General Coordinator of the International Socialist Organization in Zimbabwe

Member of the Zimbabwe Parliament for Highfield, Harare
- In office 2000–2002

Personal details
- Born: 8 February 1968 (age 58) Gweru
- Party: International Socialist Organization
- Other political affiliations: Movement for Democratic Change
- Children: Sankara Bloemen Gwisai, Rosa Choto Gwisai
- Occupation: Lawyer

= Munyaradzi Gwisai =

Zimbabwean politician (born 1968)

Munyaradzi Gwisai is a Zimbabwean politician and general coordinator of the International Socialist Organization in Zimbabwe. He was a member of the parliament on a ticket of the Movement for Democratic Change from 2000 until he was expelled from the MDC in 2002 and lost the subsequent by-election.

==Personal life==

Munya currently lives in Harare, Zimbabwe. He teaches at the university of Zimbabwe, and also is partner at Matika, Gwisai and Partners in Harare and represents people all over the country. He has two children named Rosa and Sankara.

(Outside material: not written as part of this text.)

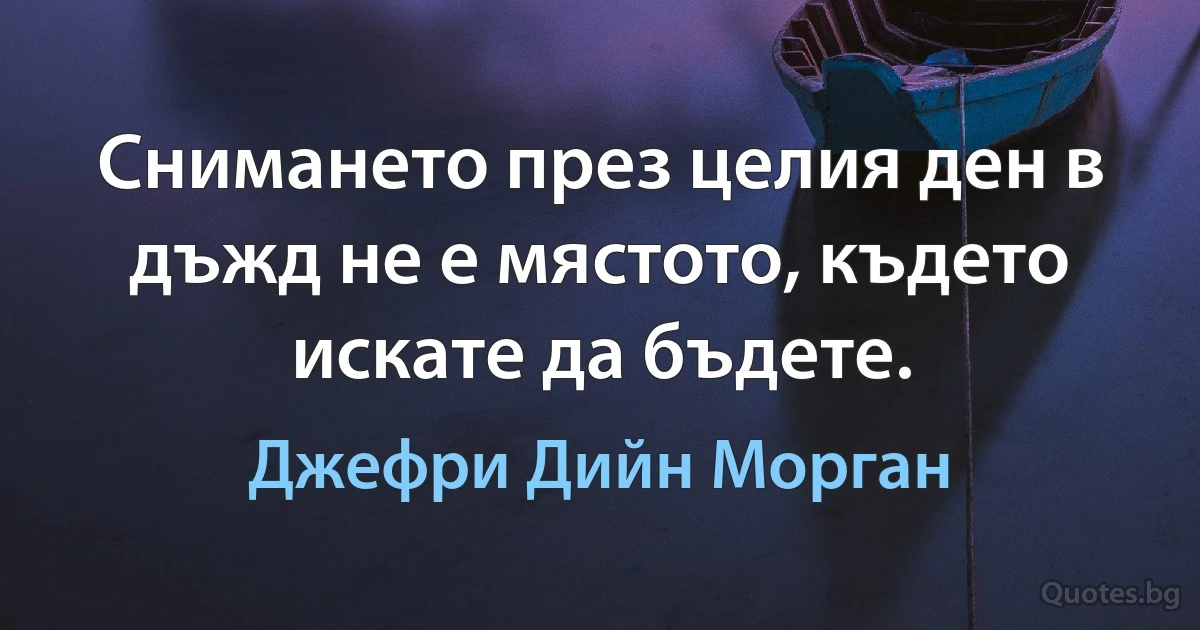 Снимането през целия ден в дъжд не е мястото, където искате да бъдете. (Джефри Дийн Морган)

In February 2011, Gwisai and 45 others were arrested after watching video footage of the Arab Spring at a public meeting and were charged with treason, which carries the death penalty in Zimbabwe. Gwisai's wife, Shantha Bloemen, claims "the strategy of the regime at the moment is to stall it for as long as possible for propaganda value, to instill fear in people." The move has been condemned by Human Rights Watch and Amnesty International. Gwisai was released with a fine in 2012.